Puppet End to End. Well, more like Beginning to Beginning.

I’ve been experimenting a little more with setting up Puppet. So far, I’ve successfully been able to get Puppet up and going – and now, I’m left with the feeling OK, that was neat I guess. Now what? There’s an ocean of possibilities when it comes to Puppet and its integration points with Azure – infrastructure as code to configuration management. I’m just scratching the surface, and I’m not pretending that any of the below is anything but the fumblings of a complete newbie. Still, I wanted to share with you my list of steps in preparing Puppet on Azure – as the first in what hopefully will be a series as I use Puppet as an engine to drive my DevOps learnings. Hope this helps!

 

Setting Up Your First Puppet Master in Azure

  • We need to set up Azure CLI first.
    • Install (using the steps in this article) node.js from the official install site. You could do this on a VM, or right on your laptop.
    • Command prompt – Admin privilege – run npm install azure-cli –global
    • Then run command azure account download
    • Take the file and save it somewhere convenient – I saved it to c:\junk\azure.publishsettings
    • Then run azure account import {filename}
    • I ran azure config mode arm at this point too in a command prompt.
  • Then fill in azure account show to confirm you have the right account selected.

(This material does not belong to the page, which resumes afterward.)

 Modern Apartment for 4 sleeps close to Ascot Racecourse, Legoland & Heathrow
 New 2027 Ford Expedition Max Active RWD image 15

  • Now we go to VisualStudio Online – login at https://app.vssps.visualstudio.com/profile/view?mkt=en-us and go to your VSO portal.
  • On a new tab, go to the azure portal – https://manage.windowsazure.com/

  • Click New, then Compute -> Virtual Machine -> From Gallery.
  • Then, select the Puppet Labs node, and select the latest build of Puppet Enterprise. On my build, this is 3.7.2.


  • Choose a lower-case unique name of 3-15 characters. Standard Tier, Size at least A2, a username, and – choose a password over uploading an SSH key. This is obviously just for a demo.


  • then fill in your other values. Always select “create a new cloud service”, and open up three ports – 1) HTTPS (port 443), Puppet (8140), and MCollective (61613)


  • Go to a new browser window – it may take 10 minutes for this to appear and be fully provisioned/available – and access your URL. In my case, this is https://dhpuppetmaster.cloudapp.net . I don’t know yet what the password is, but I’m going to find out – in the next step.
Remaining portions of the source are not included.